Exercise requirements: The full listing, minus its pictures, should be printed again exactly as it stands.

Data provided:
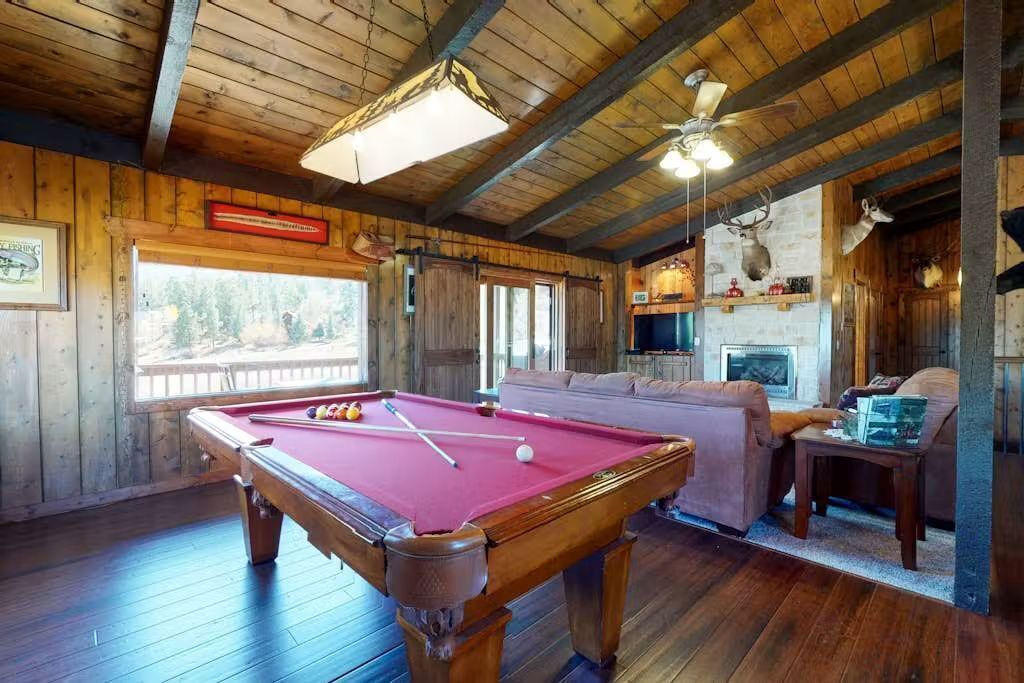 Un interior de madera con una mesa de billar, un sofá y una chimenea.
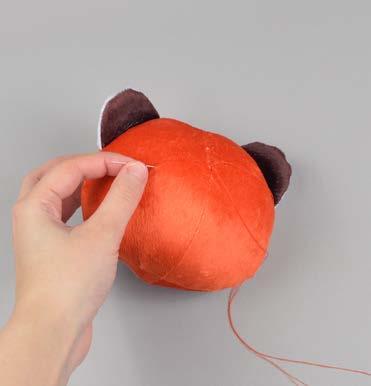 Once the plush is stuffed, make sure the seam allowances in the opening are tucked inside and prepare to ladder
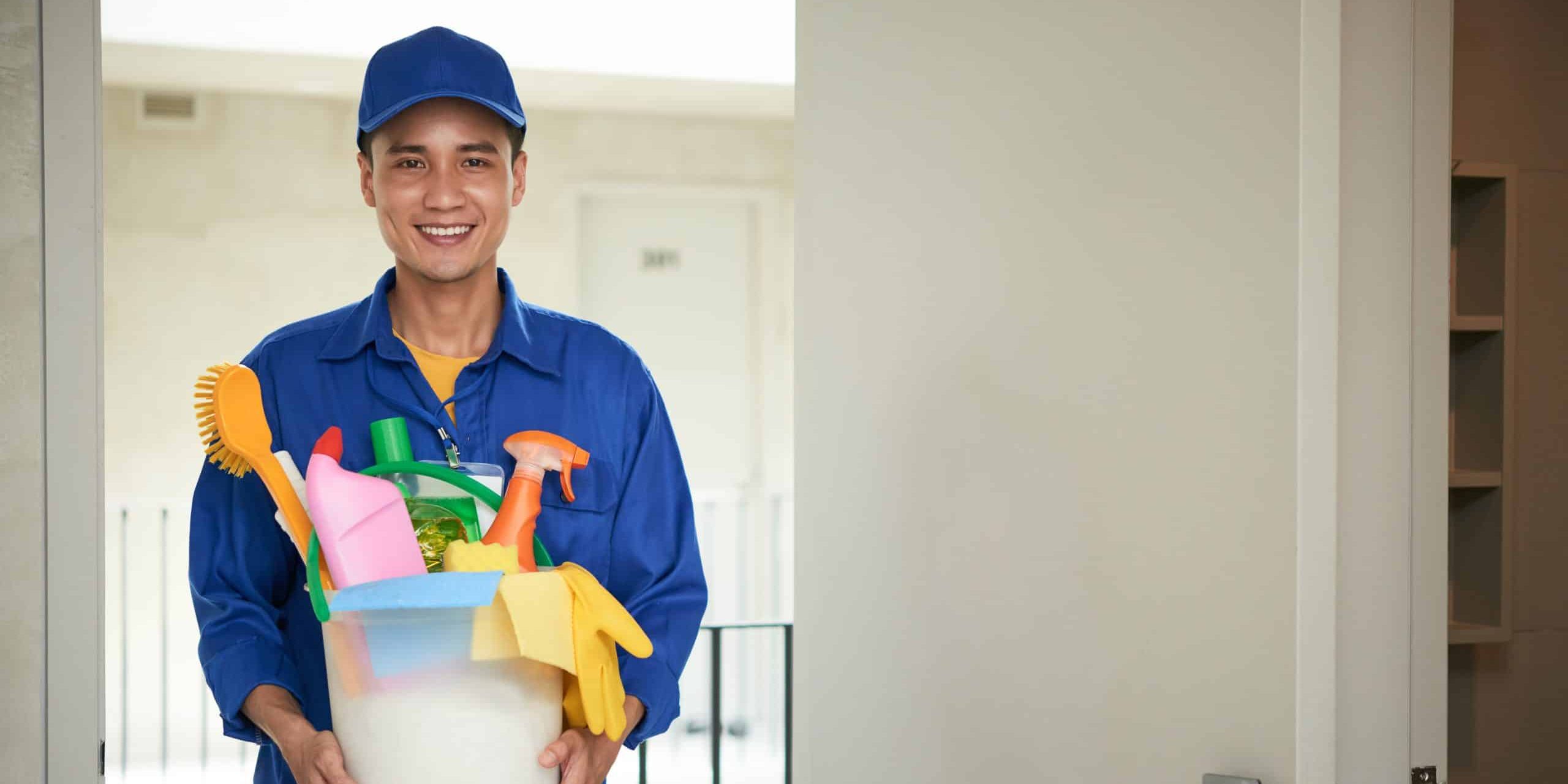 cheerful-asian-male-janitor-walking-into-hotel-room-carrying-supplies-bucket-scaled-e1718030965273.jpg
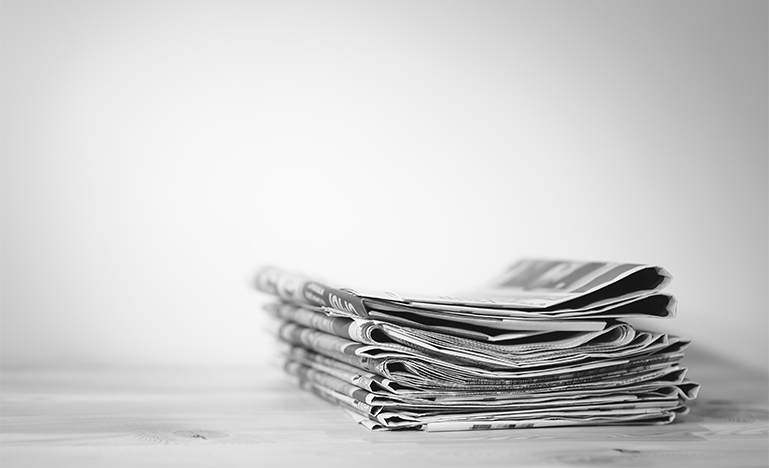 Newspaper on wooden table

Expected answer:
 Un interior de madera con una mesa de billar, un sofá y una chimenea.
 Once the plush is stuffed, make sure the seam allowances in the opening are tucked inside and prepare to ladder
 cheerful-asian-male-janitor-walking-into-hotel-room-carrying-supplies-bucket-scaled-e1718030965273.jpg
 Newspaper on wooden table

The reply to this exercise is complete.